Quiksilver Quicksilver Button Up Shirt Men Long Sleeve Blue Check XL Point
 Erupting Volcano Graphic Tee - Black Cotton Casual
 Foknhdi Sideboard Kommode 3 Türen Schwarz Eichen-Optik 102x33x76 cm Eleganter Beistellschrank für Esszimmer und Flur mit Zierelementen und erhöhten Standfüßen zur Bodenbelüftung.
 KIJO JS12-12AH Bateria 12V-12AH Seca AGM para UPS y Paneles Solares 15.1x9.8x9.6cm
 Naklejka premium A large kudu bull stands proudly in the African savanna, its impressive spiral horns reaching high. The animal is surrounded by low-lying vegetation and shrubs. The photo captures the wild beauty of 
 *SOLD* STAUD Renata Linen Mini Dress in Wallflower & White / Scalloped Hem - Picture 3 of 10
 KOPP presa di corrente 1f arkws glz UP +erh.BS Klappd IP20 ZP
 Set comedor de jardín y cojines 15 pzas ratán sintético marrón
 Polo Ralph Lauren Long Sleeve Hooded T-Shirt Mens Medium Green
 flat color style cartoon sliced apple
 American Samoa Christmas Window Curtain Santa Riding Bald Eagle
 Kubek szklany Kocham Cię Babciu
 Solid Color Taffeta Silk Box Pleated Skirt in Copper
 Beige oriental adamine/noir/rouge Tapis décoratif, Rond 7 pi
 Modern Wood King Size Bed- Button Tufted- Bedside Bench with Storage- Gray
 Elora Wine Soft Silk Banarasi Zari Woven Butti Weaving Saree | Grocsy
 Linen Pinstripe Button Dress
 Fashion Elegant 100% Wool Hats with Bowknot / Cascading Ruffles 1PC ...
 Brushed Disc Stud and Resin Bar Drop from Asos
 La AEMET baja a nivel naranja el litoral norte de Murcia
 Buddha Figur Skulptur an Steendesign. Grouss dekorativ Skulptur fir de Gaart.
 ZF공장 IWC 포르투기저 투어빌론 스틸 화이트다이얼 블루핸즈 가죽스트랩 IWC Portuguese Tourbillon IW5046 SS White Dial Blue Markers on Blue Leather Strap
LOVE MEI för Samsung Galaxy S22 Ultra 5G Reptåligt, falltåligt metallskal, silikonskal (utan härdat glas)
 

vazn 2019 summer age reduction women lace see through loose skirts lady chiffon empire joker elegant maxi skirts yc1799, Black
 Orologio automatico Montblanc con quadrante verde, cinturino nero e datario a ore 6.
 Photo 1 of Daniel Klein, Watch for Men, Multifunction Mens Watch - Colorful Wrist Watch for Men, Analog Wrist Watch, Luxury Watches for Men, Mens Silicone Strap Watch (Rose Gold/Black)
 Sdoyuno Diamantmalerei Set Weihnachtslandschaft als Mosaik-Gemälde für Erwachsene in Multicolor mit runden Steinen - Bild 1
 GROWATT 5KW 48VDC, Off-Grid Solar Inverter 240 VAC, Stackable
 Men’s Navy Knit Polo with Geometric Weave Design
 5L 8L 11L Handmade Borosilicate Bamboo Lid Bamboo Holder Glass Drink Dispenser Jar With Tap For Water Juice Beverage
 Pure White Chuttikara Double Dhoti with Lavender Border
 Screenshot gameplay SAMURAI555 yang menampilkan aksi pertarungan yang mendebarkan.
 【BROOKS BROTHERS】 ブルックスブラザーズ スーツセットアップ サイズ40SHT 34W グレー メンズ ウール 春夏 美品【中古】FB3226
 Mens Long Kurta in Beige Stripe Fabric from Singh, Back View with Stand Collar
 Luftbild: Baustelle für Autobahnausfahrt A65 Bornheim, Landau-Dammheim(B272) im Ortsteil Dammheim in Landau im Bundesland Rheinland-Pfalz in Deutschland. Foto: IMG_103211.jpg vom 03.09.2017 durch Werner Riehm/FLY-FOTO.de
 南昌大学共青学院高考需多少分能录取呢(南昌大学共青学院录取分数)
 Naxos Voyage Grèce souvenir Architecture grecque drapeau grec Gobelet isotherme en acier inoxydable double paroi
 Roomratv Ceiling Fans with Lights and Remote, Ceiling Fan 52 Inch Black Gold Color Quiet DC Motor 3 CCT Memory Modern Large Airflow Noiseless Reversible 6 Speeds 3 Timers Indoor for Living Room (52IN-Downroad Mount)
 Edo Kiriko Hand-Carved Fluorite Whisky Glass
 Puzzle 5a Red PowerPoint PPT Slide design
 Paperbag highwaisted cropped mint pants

○ ○ ○ ○

-- What you will do --
Every entry should be output exactly as written, please.

-- Task response --
Quiksilver Quicksilver Button Up Shirt Men Long Sleeve Blue Check XL Point
 Erupting Volcano Graphic Tee - Black Cotton Casual
 Foknhdi Sideboard Kommode 3 Türen Schwarz Eichen-Optik 102x33x76 cm Eleganter Beistellschrank für Esszimmer und Flur mit Zierelementen und erhöhten Standfüßen zur Bodenbelüftung.
 KIJO JS12-12AH Bateria 12V-12AH Seca AGM para UPS y Paneles Solares 15.1x9.8x9.6cm
 Naklejka premium A large kudu bull stands proudly in the African savanna, its impressive spiral horns reaching high. The animal is surrounded by low-lying vegetation and shrubs. The photo captures the wild beauty of 
 *SOLD* STAUD Renata Linen Mini Dress in Wallflower & White / Scalloped Hem - Picture 3 of 10
 KOPP presa di corrente 1f arkws glz UP +erh.BS Klappd IP20 ZP
 Set comedor de jardín y cojines 15 pzas ratán sintético marrón
 Polo Ralph Lauren Long Sleeve Hooded T-Shirt Mens Medium Green
 flat color style cartoon sliced apple
 American Samoa Christmas Window Curtain Santa Riding Bald Eagle
 Kubek szklany Kocham Cię Babciu
 Solid Color Taffeta Silk Box Pleated Skirt in Copper
 Beige oriental adamine/noir/rouge Tapis décoratif, Rond 7 pi
 Modern Wood King Size Bed- Button Tufted- Bedside Bench with Storage- Gray
 Elora Wine Soft Silk Banarasi Zari Woven Butti Weaving Saree | Grocsy
 Linen Pinstripe Button Dress
 Fashion Elegant 100% Wool Hats with Bowknot / Cascading Ruffles 1PC ...
 Brushed Disc Stud and Resin Bar Drop from Asos
 La AEMET baja a nivel naranja el litoral norte de Murcia
 Buddha Figur Skulptur an Steendesign. Grouss dekorativ Skulptur fir de Gaart.
 ZF공장 IWC 포르투기저 투어빌론 스틸 화이트다이얼 블루핸즈 가죽스트랩 IWC Portuguese Tourbillon IW5046 SS White Dial Blue Markers on Blue Leather Strap
LOVE MEI för Samsung Galaxy S22 Ultra 5G Reptåligt, falltåligt metallskal, silikonskal (utan härdat glas)
 

vazn 2019 summer age reduction women lace see through loose skirts lady chiffon empire joker elegant maxi skirts yc1799, Black
 Orologio automatico Montblanc con quadrante verde, cinturino nero e datario a ore 6.
 Photo 1 of Daniel Klein, Watch for Men, Multifunction Mens Watch - Colorful Wrist Watch for Men, Analog Wrist Watch, Luxury Watches for Men, Mens Silicone Strap Watch (Rose Gold/Black)
 Sdoyuno Diamantmalerei Set Weihnachtslandschaft als Mosaik-Gemälde für Erwachsene in Multicolor mit runden Steinen - Bild 1
 GROWATT 5KW 48VDC, Off-Grid Solar Inverter 240 VAC, Stackable
 Men’s Navy Knit Polo with Geometric Weave Design
 5L 8L 11L Handmade Borosilicate Bamboo Lid Bamboo Holder Glass Drink Dispenser Jar With Tap For Water Juice Beverage
 Pure White Chuttikara Double Dhoti with Lavender Border
 Screenshot gameplay SAMURAI555 yang menampilkan aksi pertarungan yang mendebarkan.
 【BROOKS BROTHERS】 ブルックスブラザーズ スーツセットアップ サイズ40SHT 34W グレー メンズ ウール 春夏 美品【中古】FB3226
 Mens Long Kurta in Beige Stripe Fabric from Singh, Back View with Stand Collar
 Luftbild: Baustelle für Autobahnausfahrt A65 Bornheim, Landau-Dammheim(B272) im Ortsteil Dammheim in Landau im Bundesland Rheinland-Pfalz in Deutschland. Foto: IMG_103211.jpg vom 03.09.2017 durch Werner Riehm/FLY-FOTO.de
 南昌大学共青学院高考需多少分能录取呢(南昌大学共青学院录取分数)
 Naxos Voyage Grèce souvenir Architecture grecque drapeau grec Gobelet isotherme en acier inoxydable double paroi
 Roomratv Ceiling Fans with Lights and Remote, Ceiling Fan 52 Inch Black Gold Color Quiet DC Motor 3 CCT Memory Modern Large Airflow Noiseless Reversible 6 Speeds 3 Timers Indoor for Living Room (52IN-Downroad Mount)
 Edo Kiriko Hand-Carved Fluorite Whisky Glass
 Puzzle 5a Red PowerPoint PPT Slide design
 Paperbag highwaisted cropped mint pants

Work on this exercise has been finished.